The Commissioner found that the Council correctly relied on regulations 10(5)(e) of the EIRs to withhold unit price information and regulation 10(4)(a) in relation to part 2 of his request.

However, the Commissioner finds that, by not disclosing all non-excepted information in response to the request, the Council failed to comply with regulation 5(1) of the EIRs.

By the end of the investigation, the Council had disclosed all of the information which was not excepted from disclosure. The Commissioner does not require the Council to take any action in respect of this failure in response to this application.

Appeal

Should either the Applicant or the Council wish to appeal against this decision, they have the right to appeal to the Court of Session on a point of law only. Any such appeal must be made within 42 days after the date of intimation of this decision.

Margaret Keyse
Head of Enforcement

18 May 2020

Appendix 1: Relevant statutory provisions

The Environmental Information (Scotland) Regulations 2004

5 Duty to make available environmental information on request

(1) Subject to paragraph (2), a Scottish public authority that holds environmental information shall make it available when requested to do so by any applicant.

(2) The duty under paragraph (1) -

(b) is subject to regulations 6 to 12.

10 Exceptions from duty to make environmental information available-

(1) A Scottish public authority may refuse a request to make environmental information available if-

(a) there is an exception to disclosure under paragraphs (4) or (5); and

(b) in all the circumstances, the public interest in making the information available is outweighed by that in maintaining the exception.

(2) In considering the application of the exceptions referred to in paragraphs (4) and (5), a Scottish public authority shall-

(a) interpret those paragraphs in a restrictive way; and

(b) apply a presumption in favour of disclosure.

(4) A Scottish public authority may refuse to make environmental information available to the extent that

(a) it does not hold that information when an applicant's request is received;

(5) A Scottish public authority may refuse to make environmental information available to the extent that its disclosure would, or would be likely to, prejudice substantially-

(e) the confidentiality of commercial or industrial information where such confidentiality is provided for by law to protect a legitimate economic interest;

Appendix 2: The Applicant's request

1. Copy of all contracts signed between Scottish Borders Council and Memsafe Ltd since 2015

2. The Council issued a statement that appeared on https://www.itv.com/news/border/2019-04-05/more-than-700-gravestones-altered-after-safety-inspection/ on the 5th of April 2019

"The council took the decision to test all the headstones in the old section of Peebles Cemetery, regardless of size and age, following a risk assessment."
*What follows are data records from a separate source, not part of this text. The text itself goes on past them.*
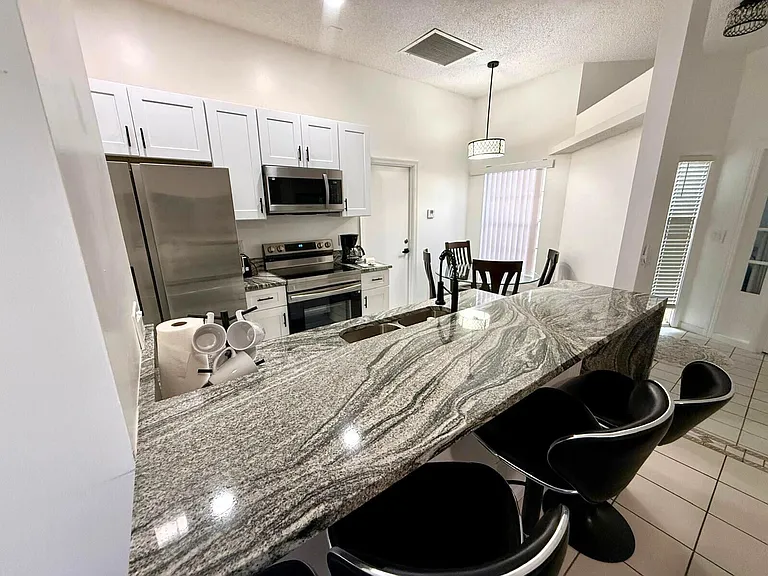 1049 Mourning Dove Ln — Photo 4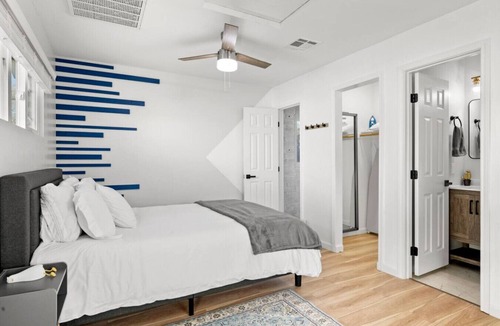 Phoenix House | Chic Casita Living in Phoenix!
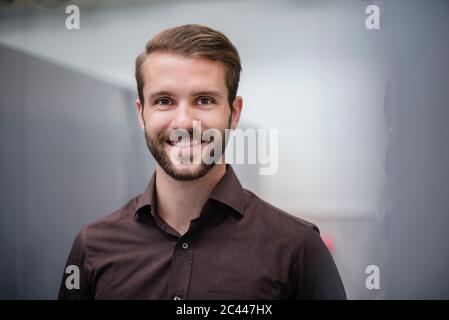 Ritratto di un sorridente giovane impreditore Foto Stock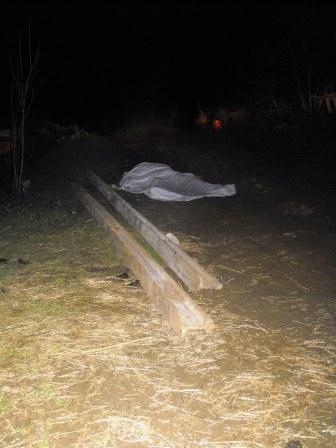 Queda de trave em ferro mata septuagenário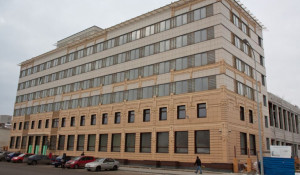 Новое здание администрации Барнаула на улице Гоголя.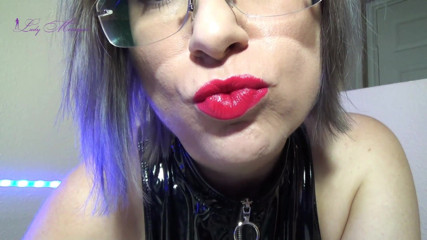 Morrigan Havoc: Hellroter lippenstift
"So far the majority of unstable memorials tested across the Borders have been made safe by socketing, which means keeping the headstone upright with the majority of the inscription still visible for families and visitors to read. "

- Scottish Borders Council Spokesman

I need to have all documents, including emails, relating to how that decision was made (as previously only large or old stones were to be tested), the date that this decision was made, the name of the person who made that decision, who that person worked for (whether they were Council employees, or if not the name of the company they worked for), and how that decision was notified to the public.

3. Peebles Cemetery was reinspected on the 12th March 2019. I required the full report of this inspection, the name of the person or persons who carried out this inspection, whether they were Council employees, or if not the name of the company they worked for. I require to know how this inspection was carried out, whether by visiting the Cemetery or by use of previous notes, and the relevant qualifications of the person(s) doing this inspection.

4. Copy of the sign off sheet for the work done at Peebles Cemetery. (This could be a Job sign off sheet or a Project sign off sheet)

5. The total amount that Scottish Borders Council paid to Memsafe Ltd between the 06/07/2018 and 31/03/2019 inclusive. The amount of any further payments due to Memsafe Ltd. by Scottish Borders Council.